Monte Vista is looking fly, and that’s an issue

Josh Elliott, A&E Editor

There’s something in the air at Monte Vista. It’s not spring fever, or the sound of birds singing, but something far more alarming: fruit flies.

It goes without saying that a space full of the little pests can be quite distracting, especially for science teacher Meghan Bruss, who recently returned to work after maternity leave and found her classroom swarming with bugs.

“I was just getting ready for the day, when all these fruit flies started coming at me,” Bruss said, “I didn’t know what was causing them at first because I had just come back.”

After some further detective work, she discovered that the flies had come from the biology classes’ compost bins, and had no intentions of leaving the classroom.

You may be thinking that a couple little insects here and there isn’t that big of a deal, but the whole dynamic of the class period got completely flipped upside down. What was once a normal hour of taking notes suddenly becomes a vicious turf war between student and fly. The only way to survive is to keep constant watch on the little critters before they dart into your personal space like little bug ninjas. Each minute feels like an eternity as you sit there anticipating the next faint buzzing sound in your ear, or the next small blur of movement in your peripheral vision. Paying attention to the teacher is completely out of the question.
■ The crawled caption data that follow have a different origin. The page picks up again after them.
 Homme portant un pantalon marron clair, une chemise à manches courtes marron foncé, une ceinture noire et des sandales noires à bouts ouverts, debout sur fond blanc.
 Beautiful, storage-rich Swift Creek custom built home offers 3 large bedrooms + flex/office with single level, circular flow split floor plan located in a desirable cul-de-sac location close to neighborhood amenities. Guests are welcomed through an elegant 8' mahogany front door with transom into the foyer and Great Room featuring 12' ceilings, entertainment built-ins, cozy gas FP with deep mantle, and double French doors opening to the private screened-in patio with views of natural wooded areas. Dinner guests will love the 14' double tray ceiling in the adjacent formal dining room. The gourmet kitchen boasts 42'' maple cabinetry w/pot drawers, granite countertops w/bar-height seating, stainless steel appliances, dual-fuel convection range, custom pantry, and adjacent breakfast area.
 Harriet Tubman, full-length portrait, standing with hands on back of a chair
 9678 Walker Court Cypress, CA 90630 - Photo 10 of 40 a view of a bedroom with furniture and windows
Luckily, Bruss came up with a solution to the dilemma by taking the compost bins outdoors and laying apple vinegar soap traps around the room. The flies that remained in the room swarmed to the vinegar where they then proceeded to drown themselves, which is fairly hardcore.

“That took care of it pretty quick,” Bruss said.

But surely flies can’t be all bad. As it turns out, flies actually do more than nonchalantly pester us. They are expert decomposers, breaking down nasty stuff such as roadkill or animal droppings. Flies are usually associated with filth and grime, when in reality they are just trying to clean up the messes that nobody else wants to touch. They are truly the unsung garbagemen of the animal kingdom.

They also help out gardners by preying on aphids and other tiny parasites that linger on flowers. Admittedly they aren’t the best predators, but they can also serve as food for other animals like backyard birds and frogs, and who doesn’t enjoy frogs?

Above all else, the undisputed best quality of flies is the way that they rub their little hands together all the time. The odd ritual is actually the fly’s way of cleaning itself and sanitizing it’s forelimbs, yet it has no business being so entertaining.

Flies may not be as problematic as people make them out to be, but they still certainly do not belong in the classroom. Students already have enough distractions as it is.

“They are an important part of the food web so we can’t completely eradicate them,” Bruss said, “but I am more than happy to get them out of the classroom.”

But on the bright side, at least we don’t have mosquitos.